Ever since the recent Greek “tragedy” in 2011, the nominal debt problem that swallowed up not just Greece but other EZ peripheral countries in Southern Europe, there have been mounds of speculation as to root cause of the complex set of problems involved.
Some of the explanations have revolved around supply side problems in certain EZ member nations including heavy government involvement in the economy with national enterprises, corruption and lax tax enforcement. Others are more simplistic suggesting that the governments made too many promises and have too many liabilities for what their economies produce. There are likely some grains of truth in all of these. You can’t spend more than you’re worth. And because government enterprises are generally less economically efficient, there is a certain amount of financial counterproductivity in maintaining the basic tenants of an economy tipped toward socialist.
Then there is line of thought that the Eurozone isn’t an “optimal” currency zone; monetary policy is good for some countries in the EZ but not for others. David Beckworth has posted a more detailed example of this line of thinking that is supported by an overlay of the level of Taylor Rule guidance on top of the actual ECB policy rate to show that ECB policy rates tracked the Taylor Rule guidance rather closely. The overlay is then compared to economic data for the “core” and “periphery” to show some adverse impact to the peripheral countries to conclude that the EZ isn’t an optimal currency union.
I agree with some aspects of all of these explanations. I agree the problem with the EZ is mostly a political problem inside each member country. I agree that the Taylor Rule, and most of its hybrids, is a bad rule. It is biased toward tight which, in my opinion, isn’t particularly beneficial for most economies and is especially incompatible with economies that are tipped toward socialist. But I also think that as a condition of EZ membership certain economic reforms were required with the intent that undertaking these reforms were for the benefit of the ascendants, not for the whole. In other words, Europe said, “We’re doing X with monetary policy, and if you want to join us you have to do A, B, and C – otherwise it will hurt,” and it did.
My general opinion is that despite the political problems in the EZ, if I were to peel back the layers of onion, the Taylor rule, and probably the price stability mandate is at the core for all of the EZ members. Germany, supposedly the crowned jewel of economic liberalism in Europe, currently has historically low unemployment at 5.6% but is growing at the pace of a turtle; hardly the sign that EZ monetary policy is good for even Germany.
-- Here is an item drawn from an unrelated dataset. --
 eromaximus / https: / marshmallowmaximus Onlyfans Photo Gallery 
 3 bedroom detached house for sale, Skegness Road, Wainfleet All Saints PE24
Just because a certain policy regime can be weathered under certain conditions, doesn’t make it optimal or even rational.
It all comes down to questions about why something like the Taylor Rule is the policy. If you’re the crowned jewel of economic liberalism and/or or flexible supply-side, then what is the worry about inflation? The rhetoric of Jens Weidmann, tells us everything we need to know about how important it really is (quotes and content from this Bloomberg March 12, 2015 article:
I remain unconvinced that the macroeconomic situation really warrants” quantitative easing, Weidmann, who heads Germany’s Bundesbank, said at the release of the institution’s annual report in Frankfurt on Thursday. “One especially problematic aspect is that the massive government-bond purchases will make the Eurosystem central banks the biggest creditors of the euro-area member countries. Fiscal policy and monetary policy will become even more closely entwined.”
The report said the German economy should grow “beyond its normal capacity utilization” this year and “perhaps even more strongly in 2016.”
If capacity utilization grows in response to QE, then all of the fretting about inflation under the current circumstance is rather unwarranted. And so the benefit of strict adherence to price stability and a Taylor rule in all circumstances (or any at all, really) in the EZ seems questionable at best.
To put it another way, suppose we’re designing a currency regime for decentralized supply side governance. Would it make sense, just considering the basic political structure, to adopt price stability as a mandate and a Taylor Rule for monetary policy? I think it would not because out of 18 or 19 members, there are 18 or 19 different variations on supply side policy, some more radical than others. One would hope that the monetary regime would be designed to minimize the effects of supply shocks emanating from individual member nations, and a price stability mandate aggregates them instead. And this, I think, is what the argument in the EZ is all about: why should Germany have to suffer for Greek inefficiencies or why should Greece have to suffer for Germany’s conservatism – and so on – the basis of which comes directly from the price stability mandate and inflation targeting that are not optimal for decentralized supply side governance. The good news is that there are alternatives to providing a nominal anchor that do not single-mindedly focus on price changes.
I am not saying it’s an easy to problem to solve. My assertion is that it is possibly solvable and I see the people who have endured the utmost of hardship to keep their European dream alive. If the dream is worth that much pain, it is worth solving.